WORK TASK -
An exact reprint of every record below is required, with the pictures left out.

Saved entries
***
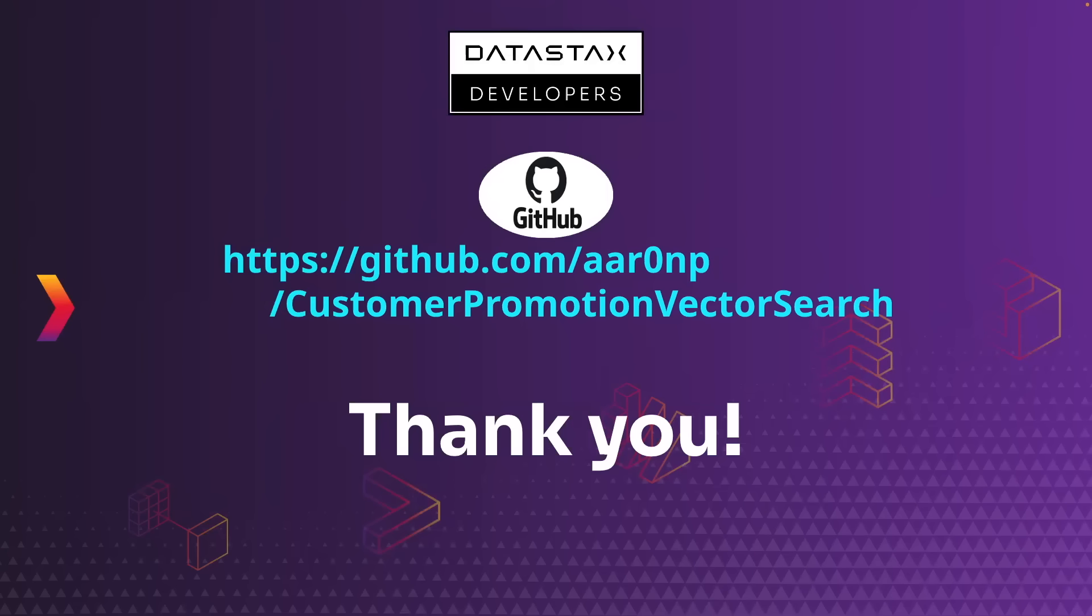To view the materials, code and data that were used in this session, feel free to check out the following Git repo of github.com slash AAR0NP slash customer promotion vector search. Thank you very much and have a great day.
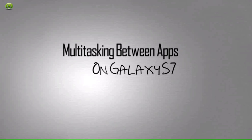Multitasking between apps on Samsung Galaxy S7. With the Galaxy S7 recent apps button, you can quickly switch between open apps. In this example, we're showing how to copy an address in a message and paste it into Google Maps.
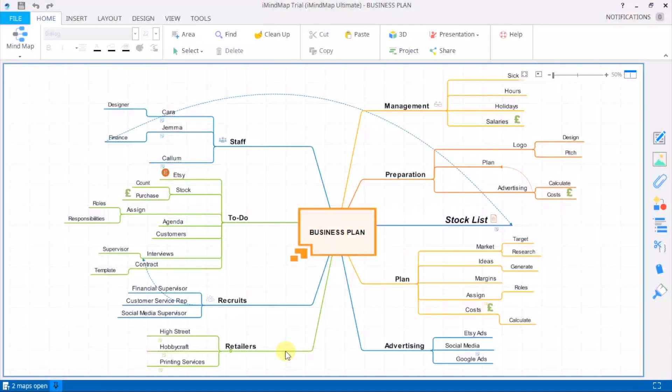Hi and welcome to this iMindmap11 tutorial all about split screen mode. To begin you'll need two projects open, so here I have two mind maps open.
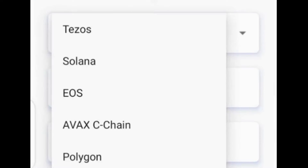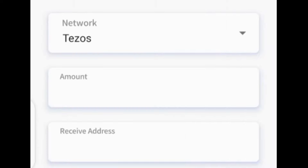You can exchange your EAST for crypto assets such as TISOs, Solana, EOS, and Avis chain. Enter the EAST amount you want to convert to other assets, then enter your crypto wallet address at this level to withdraw.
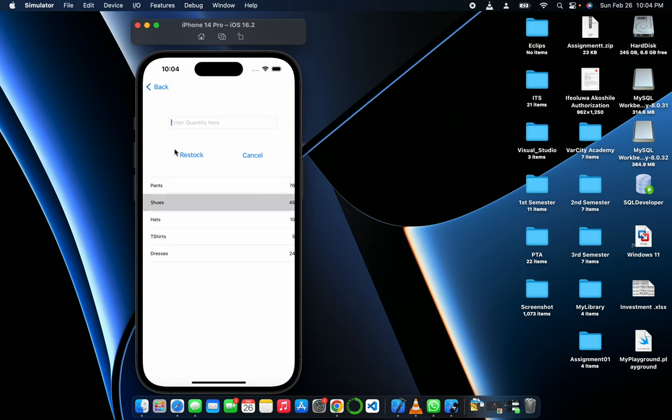Then let's say shoes, we add another six to make it 51. Let's say six and we'll restock this, it becomes 61.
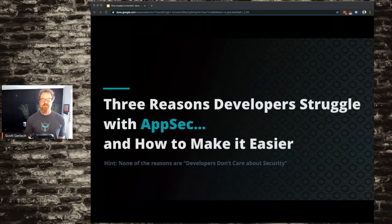I'm Scott Gerlach. We're talking about three reasons developers struggle with AppSec and how to make it easier today.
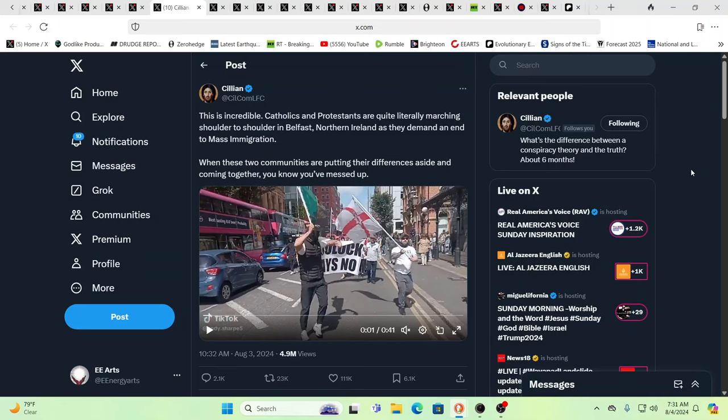So here you have Catholics and Protestants marching shoulder to shoulder in Belfast, Northern Ireland. They were, you know, just a generation ago, 20 years, 30 years ago, they were at each other's throats. And now they're unifying because there's a new disruptive element that is there.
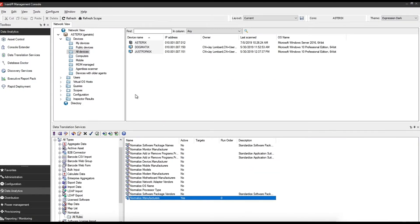And that is how we normalize the manufacturers so that they display a uniform name within Ivanti endpoint inventory.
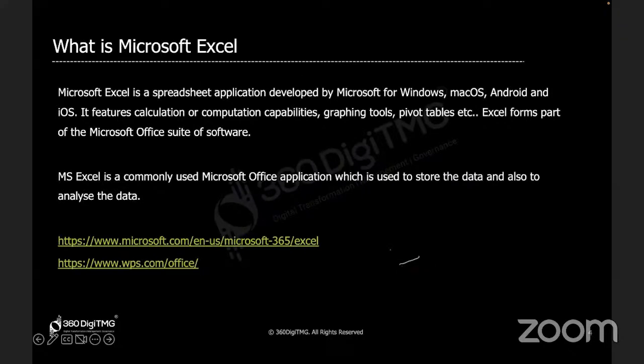Let's switch to Excel and get some basic understanding about the tool, just the look and feel of the tool and the navigation part.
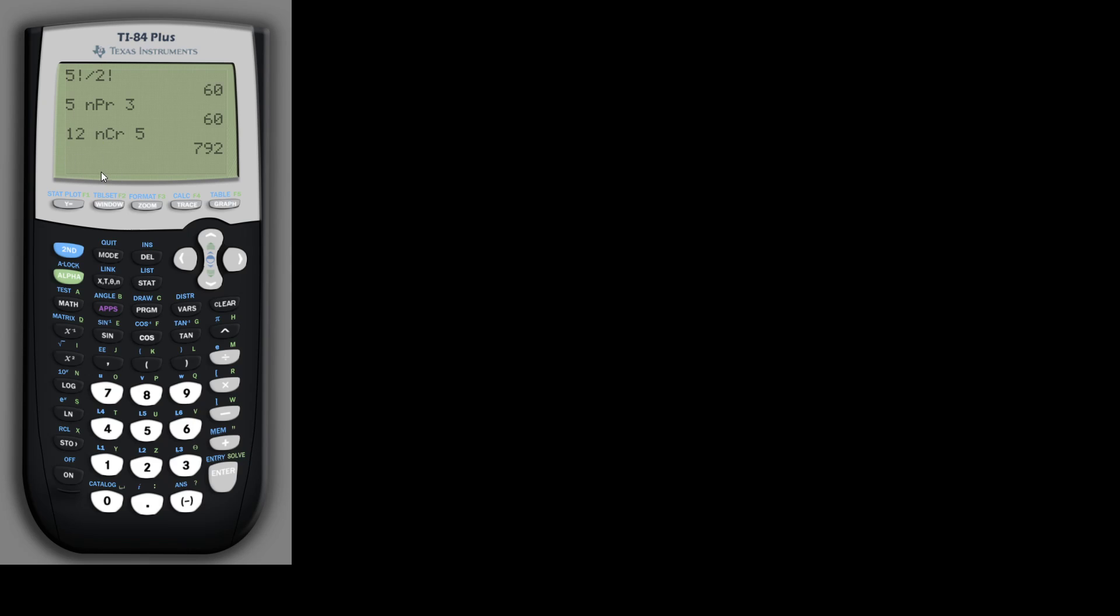So you can use your calculator for all of these, whichever is easiest, whether it's the factorial or the NPR or NCR. Of course, on the test or even the homework, I'm more interested in the fact that you can set up the questions correctly. Being able to calculate them is nice, but not as interesting or as useful as being able to set up the problems. That's usually the hard part.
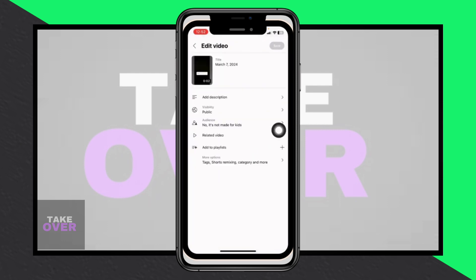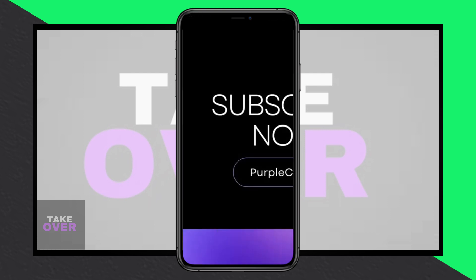If this changes in the future, I'll make sure to update you. So currently, you're unable to change the thumbnail for YouTube Shorts after posting. If you found this video helpful, please consider liking, sharing, and subscribing to our channel. Thank you.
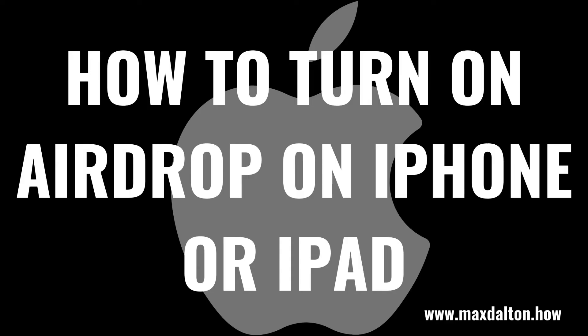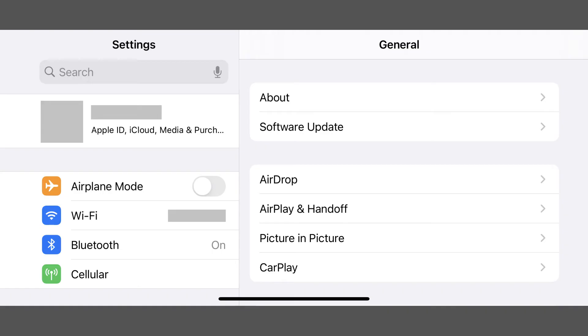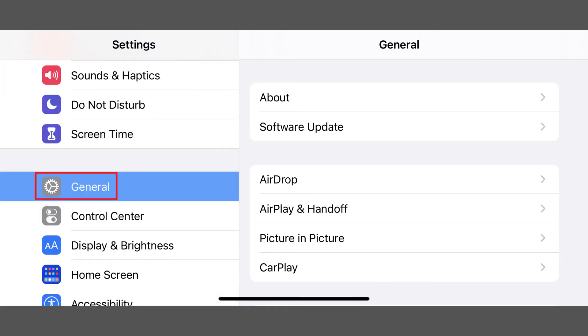Now let's walk through the steps to turn on AirDrop on your Apple iPhone or iPad. Step 1: Tap to launch the Settings app on your iPhone or iPad, and then tap General on the Settings menu. The General menu is displayed.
***
TASK SOLUTION -
To view the materials, code and data that were used in this session, feel free to check out the following Git repo of github.com slash AAR0NP slash customer promotion vector search. Thank you very much and have a great day.
Multitasking between apps on Samsung Galaxy S7. With the Galaxy S7 recent apps button, you can quickly switch between open apps. In this example, we're showing how to copy an address in a message and paste it into Google Maps.
Hi and welcome to this iMindmap11 tutorial all about split screen mode. To begin you'll need two projects open, so here I have two mind maps open.
You can exchange your EAST for crypto assets such as TISOs, Solana, EOS, and Avis chain. Enter the EAST amount you want to convert to other assets, then enter your crypto wallet address at this level to withdraw.
Then let's say shoes, we add another six to make it 51. Let's say six and we'll restock this, it becomes 61.
I'm Scott Gerlach. We're talking about three reasons developers struggle with AppSec and how to make it easier today.
So here you have Catholics and Protestants marching shoulder to shoulder in Belfast, Northern Ireland. They were, you know, just a generation ago, 20 years, 30 years ago, they were at each other's throats. And now they're unifying because there's a new disruptive element that is there.
And that is how we normalize the manufacturers so that they display a uniform name within Ivanti endpoint inventory.
Let's switch to Excel and get some basic understanding about the tool, just the look and feel of the tool and the navigation part.
So you can use your calculator for all of these, whichever is easiest, whether it's the factorial or the NPR or NCR. Of course, on the test or even the homework, I'm more interested in the fact that you can set up the questions correctly. Being able to calculate them is nice, but not as interesting or as useful as being able to set up the problems. That's usually the hard part.
If this changes in the future, I'll make sure to update you. So currently, you're unable to change the thumbnail for YouTube Shorts after posting. If you found this video helpful, please consider liking, sharing, and subscribing to our channel. Thank you.
Now let's walk through the steps to turn on AirDrop on your Apple iPhone or iPad. Step 1: Tap to launch the Settings app on your iPhone or iPad, and then tap General on the Settings menu. The General menu is displayed.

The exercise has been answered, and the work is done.